> _INFORMATION SHOWN_:
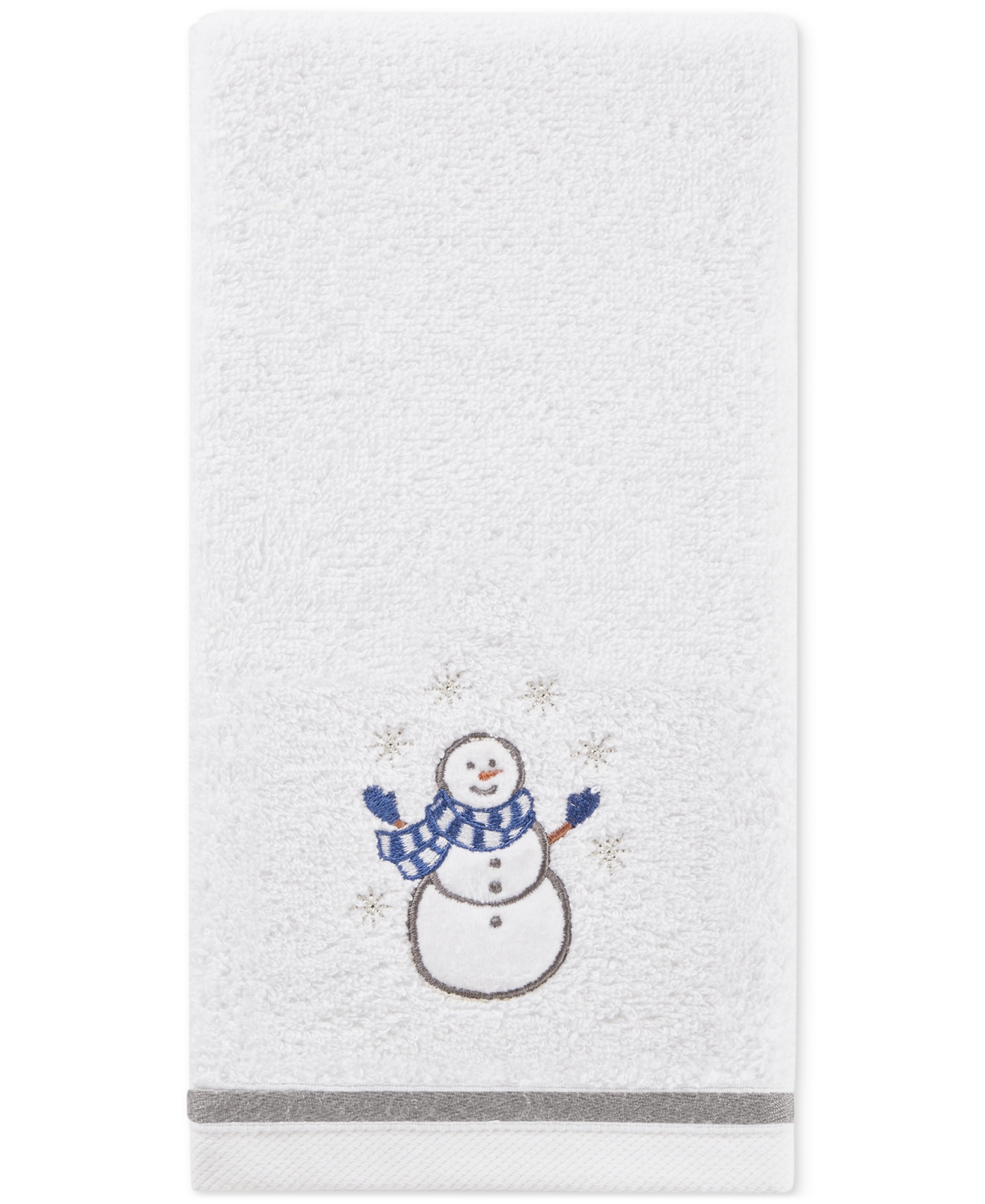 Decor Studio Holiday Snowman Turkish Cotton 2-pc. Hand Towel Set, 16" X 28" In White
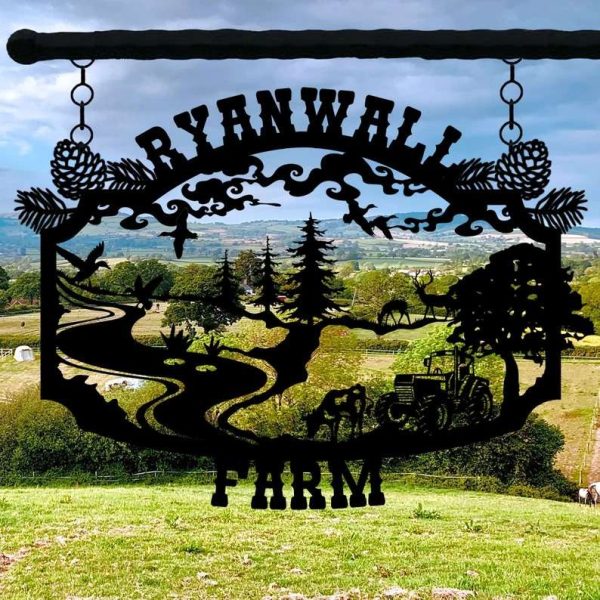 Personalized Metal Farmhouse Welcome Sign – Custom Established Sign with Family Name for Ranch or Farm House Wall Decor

--

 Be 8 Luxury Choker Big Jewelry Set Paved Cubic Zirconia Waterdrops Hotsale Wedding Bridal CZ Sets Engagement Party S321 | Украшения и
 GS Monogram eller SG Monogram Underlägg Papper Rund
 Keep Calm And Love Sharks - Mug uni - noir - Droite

> _GOAL OF THE EXERCISE_: All that belongs in your answer is the stretch of entries above from the line with "Be 8 Luxury" through the line with "Keep Calm And", printed exactly.

> _ANSWER FOR THIS EXERCISE_:
 Be 8 Luxury Choker Big Jewelry Set Paved Cubic Zirconia Waterdrops Hotsale Wedding Bridal CZ Sets Engagement Party S321 | Украшения и
 GS Monogram eller SG Monogram Underlägg Papper Rund
 Keep Calm And Love Sharks - Mug uni - noir - Droite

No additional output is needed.